PROBLEM DESCRIPTION » Write out the whole listing exactly; no images belong in it.

DATASET »
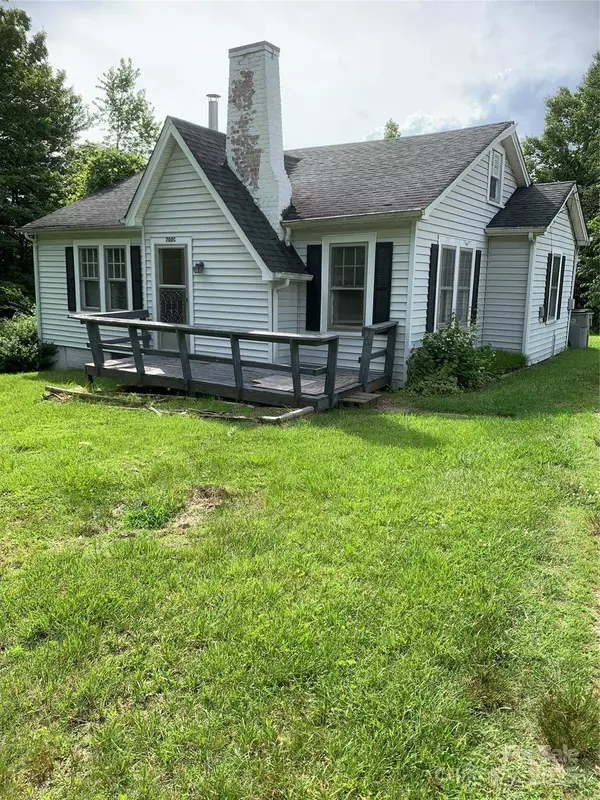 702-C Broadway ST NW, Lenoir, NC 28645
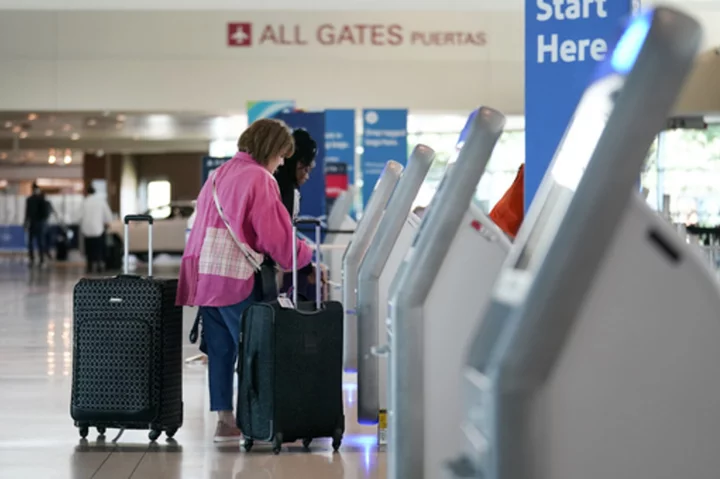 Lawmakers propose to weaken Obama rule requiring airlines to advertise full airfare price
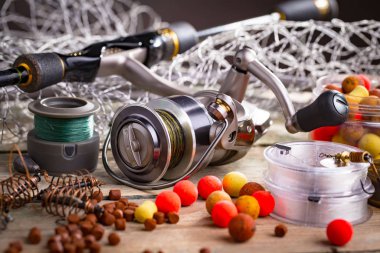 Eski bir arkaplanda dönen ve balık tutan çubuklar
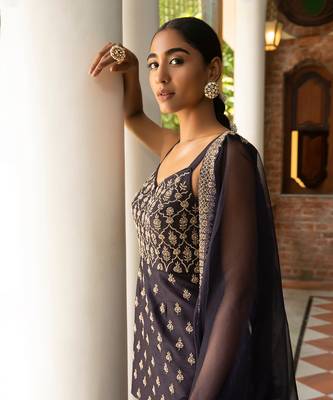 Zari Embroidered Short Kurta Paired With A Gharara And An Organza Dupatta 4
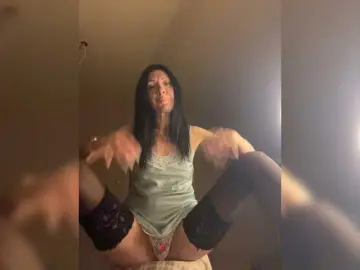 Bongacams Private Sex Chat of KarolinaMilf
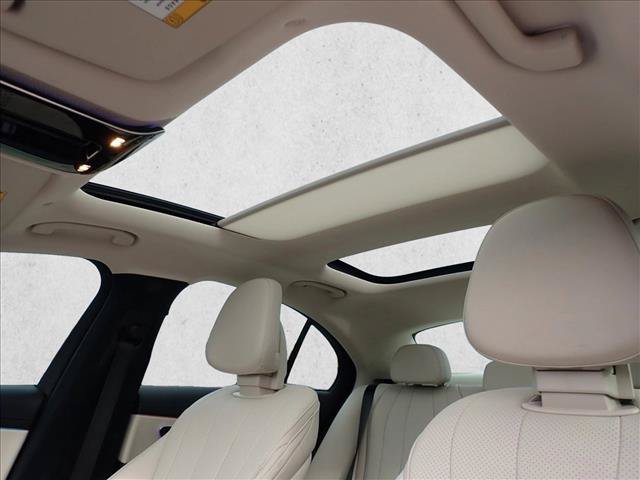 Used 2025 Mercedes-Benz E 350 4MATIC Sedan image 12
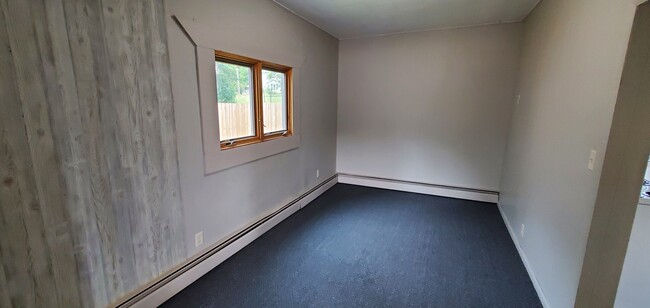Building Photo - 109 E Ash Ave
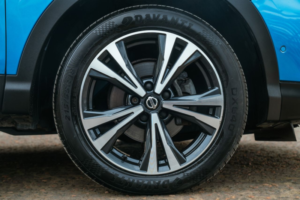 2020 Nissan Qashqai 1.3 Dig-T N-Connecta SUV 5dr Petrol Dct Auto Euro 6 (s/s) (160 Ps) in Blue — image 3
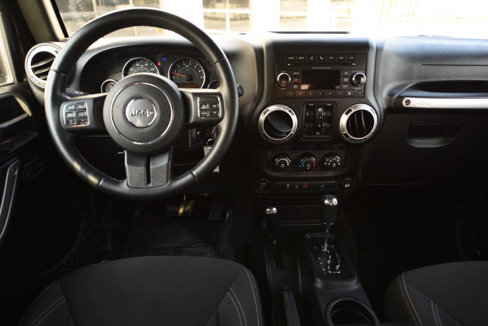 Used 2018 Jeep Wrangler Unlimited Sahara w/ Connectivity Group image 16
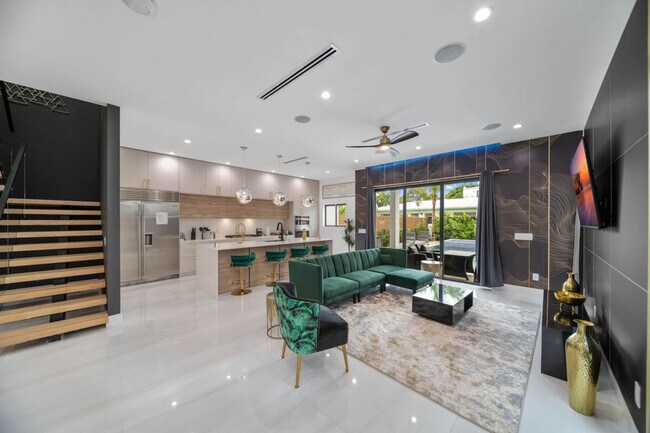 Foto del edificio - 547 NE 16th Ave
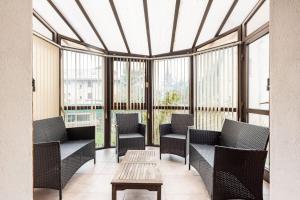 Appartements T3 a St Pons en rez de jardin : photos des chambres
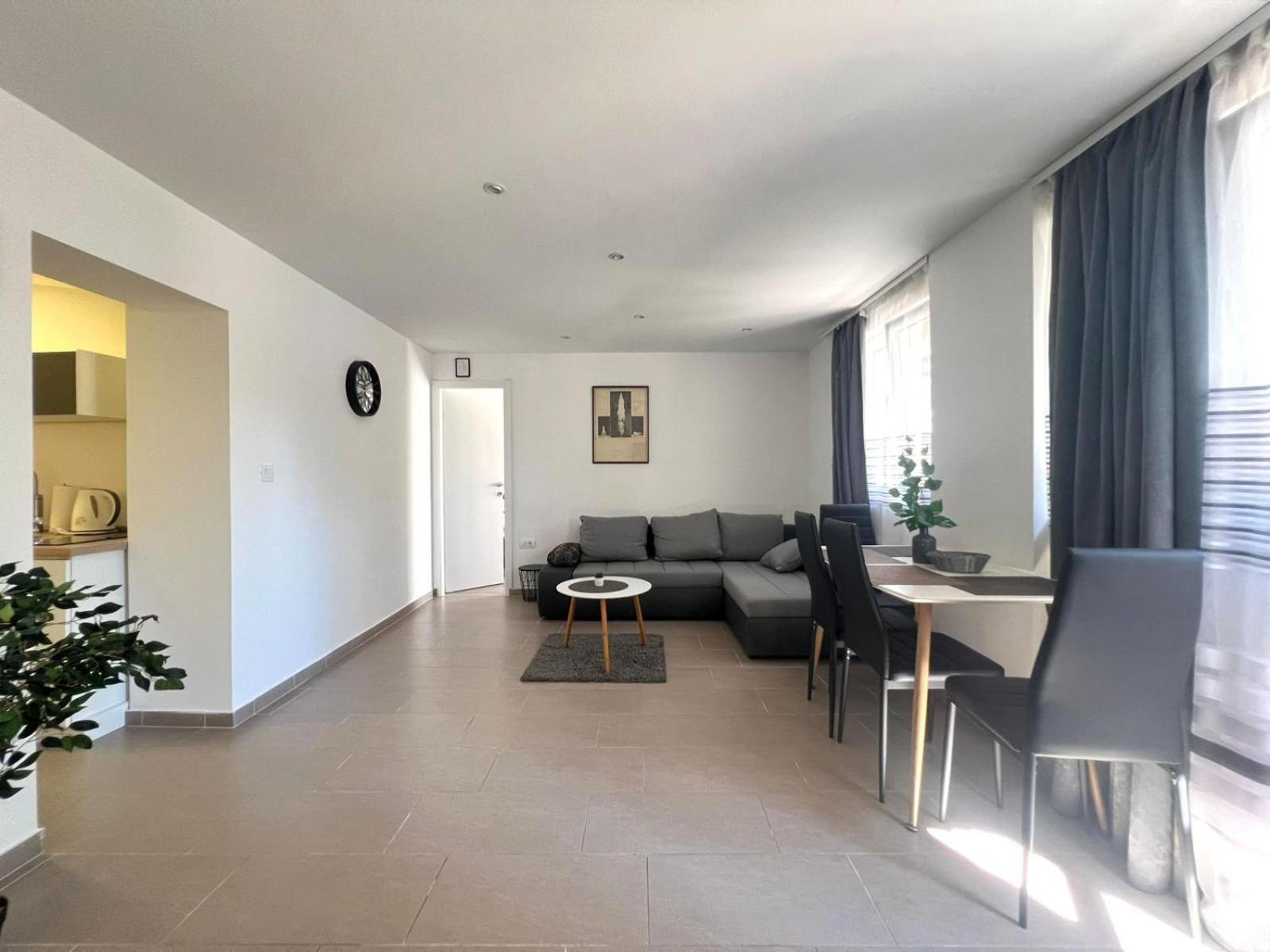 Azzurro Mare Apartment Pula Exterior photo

OUTPUT FOR THIS EXERCISE »
 702-C Broadway ST NW, Lenoir, NC 28645
 Lawmakers propose to weaken Obama rule requiring airlines to advertise full airfare price
 Eski bir arkaplanda dönen ve balık tutan çubuklar
 Zari Embroidered Short Kurta Paired With A Gharara And An Organza Dupatta 4
 Bongacams Private Sex Chat of KarolinaMilf
 Used 2025 Mercedes-Benz E 350 4MATIC Sedan image 12
Building Photo - 109 E Ash Ave
 2020 Nissan Qashqai 1.3 Dig-T N-Connecta SUV 5dr Petrol Dct Auto Euro 6 (s/s) (160 Ps) in Blue — image 3
 Used 2018 Jeep Wrangler Unlimited Sahara w/ Connectivity Group image 16
 Foto del edificio - 547 NE 16th Ave
 Appartements T3 a St Pons en rez de jardin : photos des chambres
 Azzurro Mare Apartment Pula Exterior photo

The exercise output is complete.